These new regulations will form the parameters for the construct of middle-level education programs for decades to come. Therefore, it is critical that all middle-level educators not only become familiar with them. In addition, they must ensure that any programs in their buildings are consistent with the letter and spirit of the new middle-level education policy, the State Education Department’s Essential Elements of Standards-Focused Middle-Level Schools and Programs, New York State’s 28 Learning Standards, and other existing regulations and are implemented with fidelity. It is hoped that this protocol will serve as a consistent statewide format to provide this valuable information to all members of the educational community.
Intended Use (Purpose): The intended purpose of this protocol is to provide district leaders with a systematic way to gather relevant information and data regarding the current status of their middle school with respect to the Essential Elements. It provides them with a way to establish goals for continued growth and improvement. By using the Essential Elements of Standards-Focused Middle-Level Schools and Programs as a starting point, districts will be able to identify those aspects of an effective middle school that need support and those areas that are evident but need continual growth.

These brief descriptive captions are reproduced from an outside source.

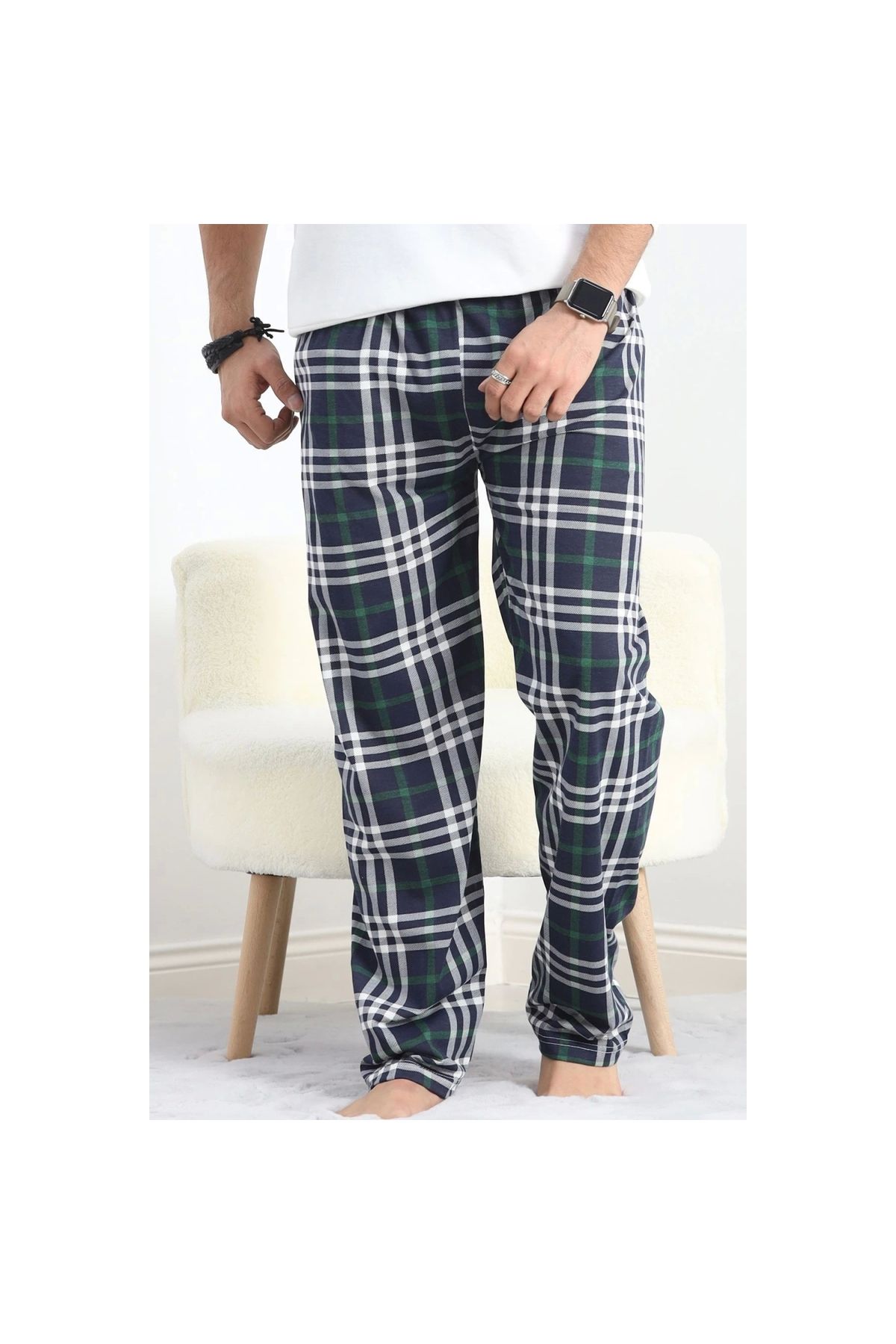 xpetrana WİNTA- Unisex Pijama Altı Lacivertyeşil - 18529.1838.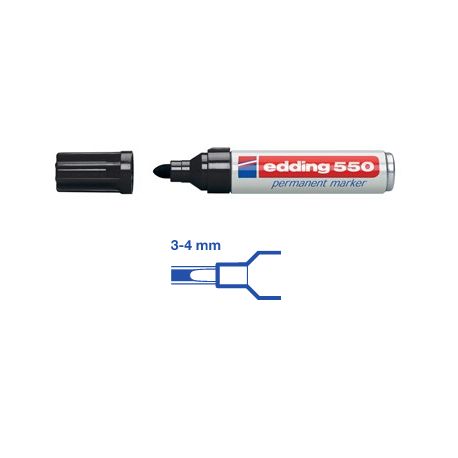 e-550 perm.marker, schwarz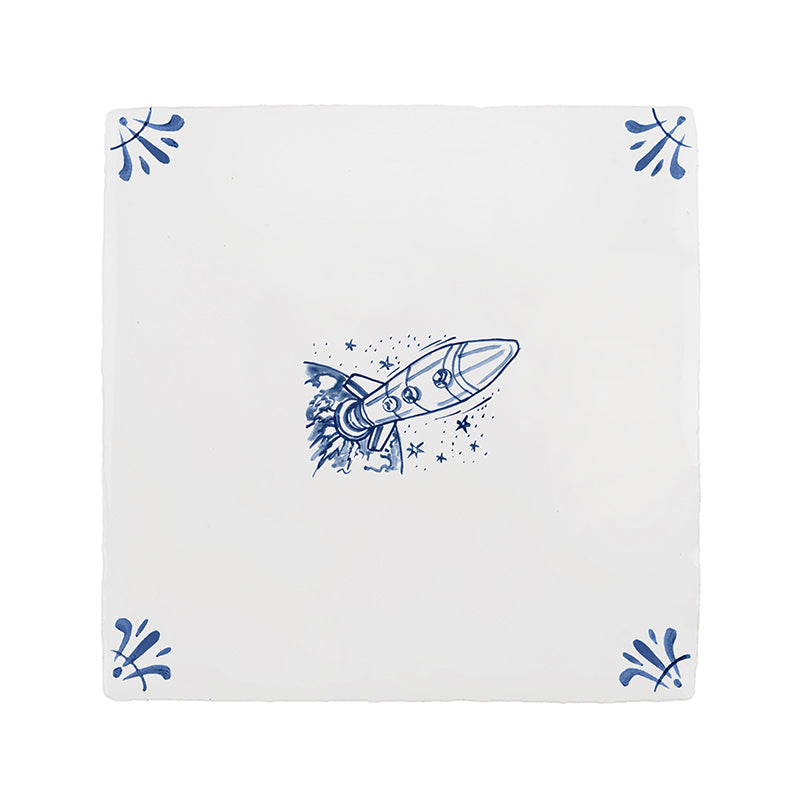Lift Off Delft Tile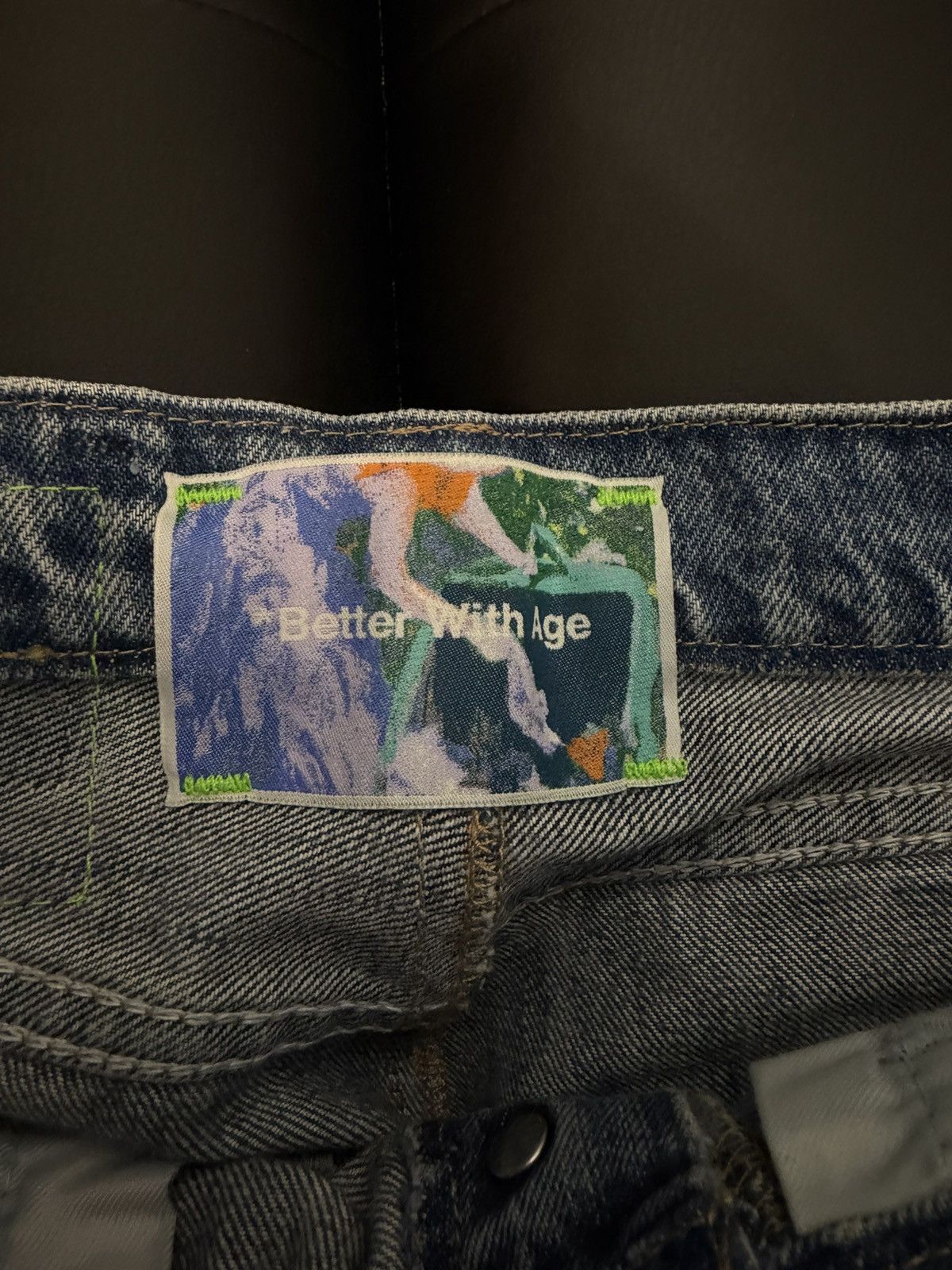 Better With Age Size 30 - Better With Age “Fleetwood” Darkwash Denim Size US 30 / EU 46 - 7 Thumbnail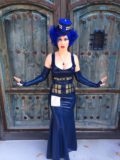 Custom Latex Tardis Outfit by The Baroness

Assessing strengths and identifying gaps in a school system cannot be accomplished through a "one shot" session. School improvement must be an ongoing process. Initially, a full day presentation during a Superintendent’s Conference day or professional development day is needed to provide background logic and information for all staff members. This allows everyone to see the process from a similar frame of reference. Faculty meetings, team meetings and/or grade level meetings will provide a regular forum to continue analysis and discussions for meeting and adjusting the process. With improved understanding and common perspective, the staff will work in a framework of collaboration for the benefit of all involved.
Assumptions (Readiness Pre-Conditions): This protocol is predicated on the following three assumptions:
- Staff are willing to do what is necessary to improve their school and have stated so publicly.
- Staff are familiar with – and committed to implementing – the Regents Policy Statement on Middle-Level Education and the State Education Department’s Essential Elements of Standards-Focused Middle-Level Schools and Programs.
- The Central Office is willing to take an active role in supporting the school staff in their efforts to implement – the Regents Policy Statement on Middle-Level Education and the State Education Department’s Essential Elements of Standards-Focused Middle-Level Schools and Programs.
To the Facilitator: If staff are not familiar with either the Regents Policy Statement on Middle Level Education or the Essential Elements of Standards-Focused Middle Level Schools and Programs, the protocol for introducing staff to the Essential Elements (the Awareness Protocol) should be the first step.
Continuous improvement is a prerequisite to being part of an effective school community. As with other professions, one is always seeking to improve. The Essential Elements identify the basic premise for successful middle-level schools in New York State. Creating and using a needs assessment incorporating the Essential Elements ensures a common understanding and terminology. This allows the building/community to focus on the practical applications of the Essential Elements.
The building staff and students will benefit from using this protocol. Problems will be more clearly identified and the staff will identify resources that will be needed to address issues and create a meaningful school improvement plan (see protocol).
Target Audience: The target audience for this protocol should include middle-level teachers, middle-level administrators, other middle-level certified professionals (e.g., guidance counselors, school nurse, etc.), and curriculum representative from the central office responsible for middle level issues. The audience may include others (e.g., parents, aides and paraprofessionals, students, elementary and high school representatives, community members, etc.) as long as they are familiar with and supportive of the Regents Policy Statement and the Department’s Essential Elements document.
To the Facilitator: Examining the Essential Elements can be a daunting task because of the length of the document. It is suggested that different groups be assigned one Element each. Before the groups begin their work, spend a minute discussing a critical ground rule: ratings must be substantiated by evidence. What are the specific, observable, measurable indicators upon which the rating was made? These will provide the grist for conversations between and among groups later in the process.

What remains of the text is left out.